Data shown section start
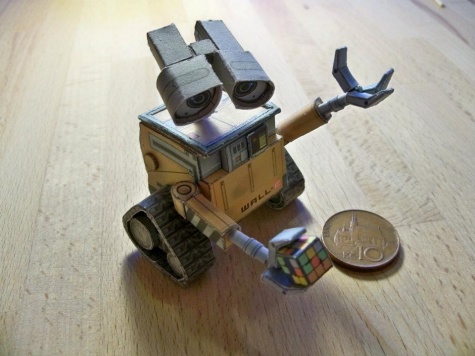 WALL-E WALL-E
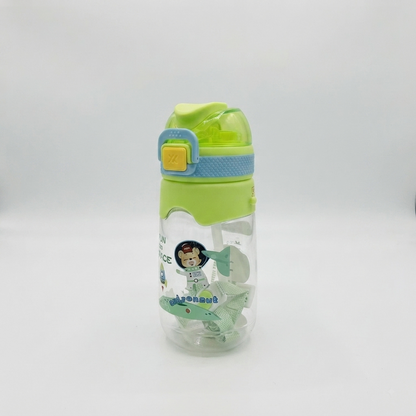 Astronaut Plastic Bottle
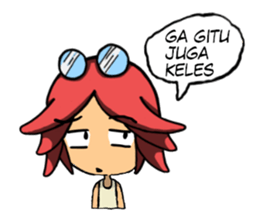 Rami sticker #11350452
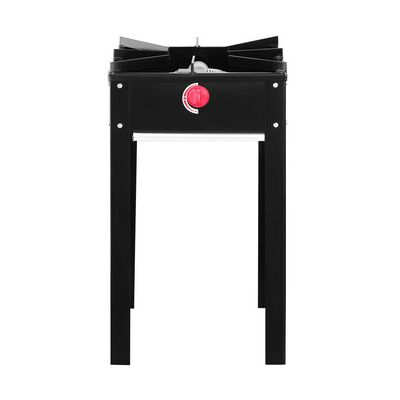 Imagen 1 del producto Anafe Industrial Ventus VAAG-1 ECO 1 Quemadores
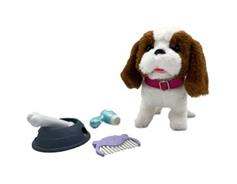 Epee Mazlíci hrací set-pejsek Ťapka hnědobílý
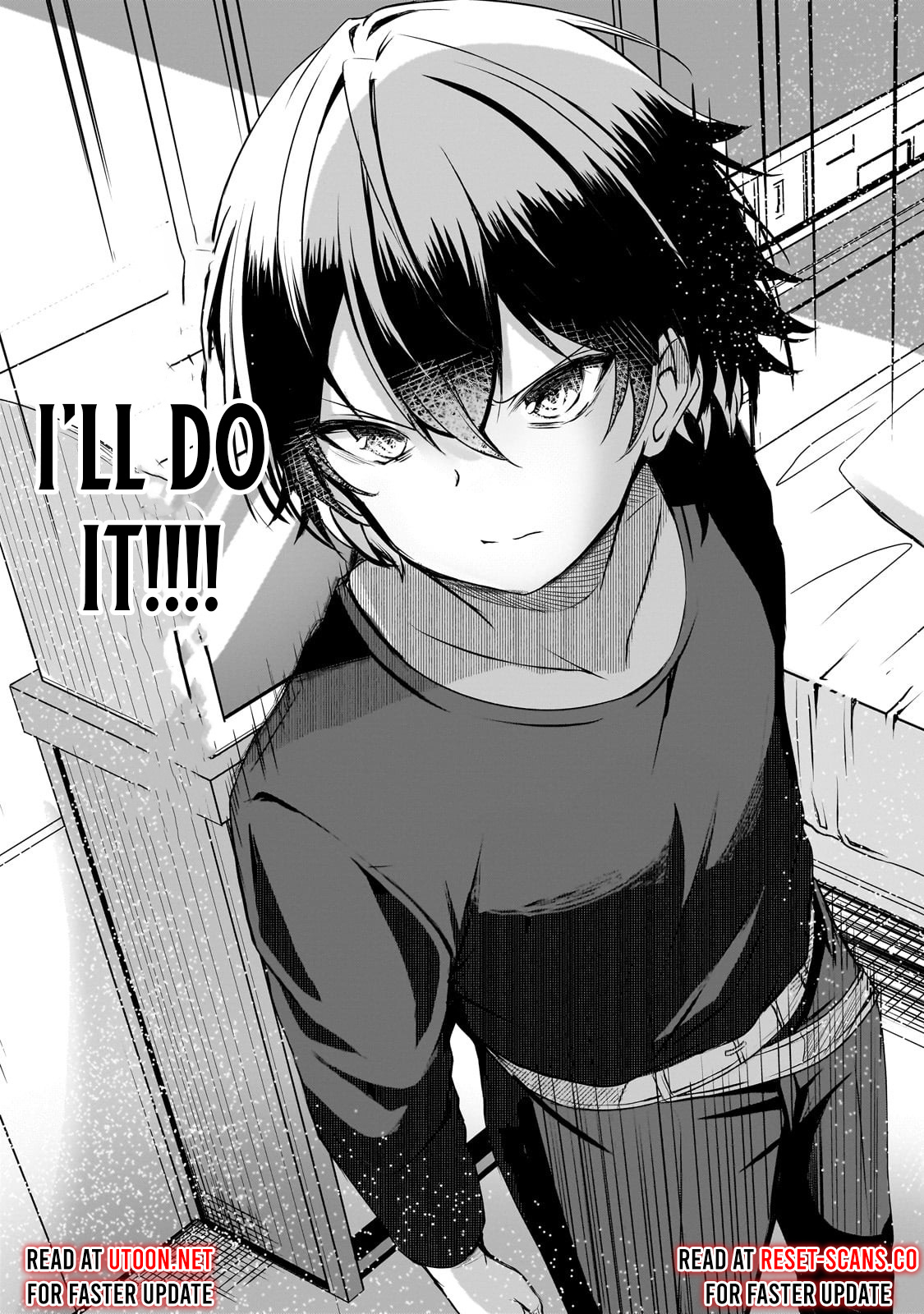 The Weakest Boy Surpasses the Strongest and Shatters Common Sense! Chapter 1 - Page 45
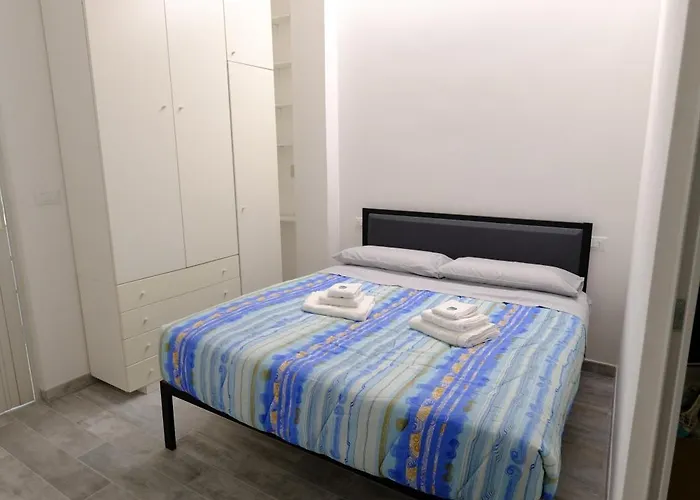 Bilocale In Grattacielo By Portofinovacanze شقة راباللو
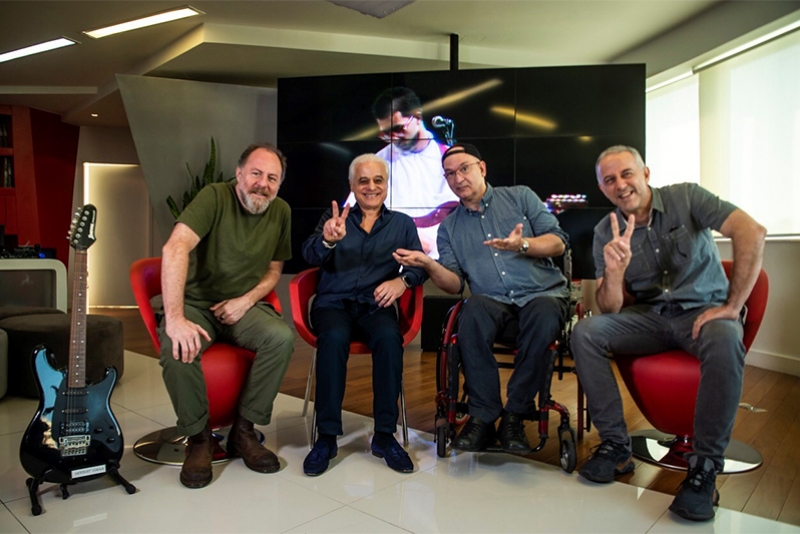 ROCK IN RIO 2019 TERÁ OS PARALAMAS DO SUCESSO NO PALCO MUNDO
Data shown section end
Start at the top line above and repeat the records verbatim, leaving images out.

 WALL-E WALL-E
 Astronaut Plastic Bottle
 Rami sticker #11350452
 Imagen 1 del producto Anafe Industrial Ventus VAAG-1 ECO 1 Quemadores
 Epee Mazlíci hrací set-pejsek Ťapka hnědobílý
 The Weakest Boy Surpasses the Strongest and Shatters Common Sense! Chapter 1 - Page 45
 Bilocale In Grattacielo By Portofinovacanze شقة راباللو
 ROCK IN RIO 2019 TERÁ OS PARALAMAS DO SUCESSO NO PALCO MUNDO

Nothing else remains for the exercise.